No, to right the wrongs of our country we must put on the American Cowboy mentality on all of the people in America who want to hold on to liberty, and justice to all. Get out the guns of rationality. Get on the horses. Get mad. Get really mad.

It’s time for the mama’s to start raising some cowboys, and that’s only going to happen when the people of America, stand up to their politicians, stare them straight in the eye and say, “Mr. liberal democratic bad man (woman):

I’m Your Huckleberry.”

Nobody’s Perfect: Now I realize many groups speak will blame the loss of our cowboy mentality on feminization. Me…I’d say feminization was part of the plan to move the nation to socialism then to communism, in order to make way for the ultimate fascist state of the One World Government. But then again, even though I am just one nobody, I’m going to load up.

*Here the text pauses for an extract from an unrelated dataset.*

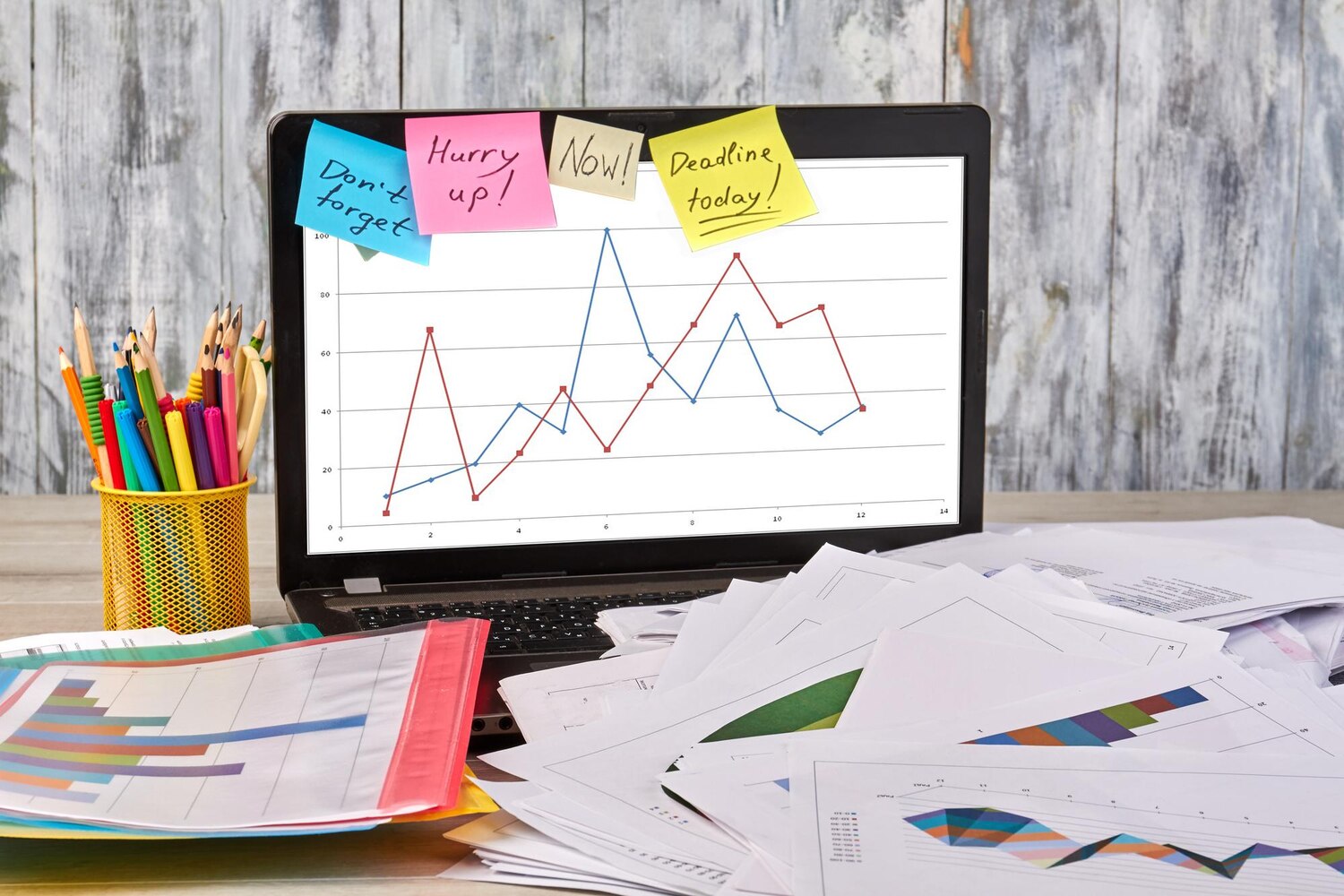Analyst explaining funnel drop-offs and GA4 insights to prioritize conversion tests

Nobody Knows: Clint Eastwood once said, “I always cry when I watch myself on screen.”

I cried when I found out that Clint was just a very good actor making money, and did not believe in one moment of anything he ever represented on screen---how sad.

Nobody Cares; Bill Clinton used to like to tell everyone that his favorite movie was “High Noon.” He even talked about it in his book. He wanted you to think that he was like Gary Cooper, the only man in the world walking down the street at high noon to face down the evil Republicans all by himself.

Bill Clinton would actually be more like the chicken town mayor, always in some brothel at the time of the shootout. Sending out his “boys” to do the dirty work.

Nobody Wins
: Some of our best cowboys have been wounded. Rumsfeld, (I refuse to believe that he caused the mess in Iraq) Dick Cheney, Phyllis Schlafly. Maybe they were the ones who actually were the bravest.

Somehow I can’t see any of these people giving multi-million dollar lectures in Dubai anytime soon.

The day that happens, we will be a nation of clowns. We're not there YET.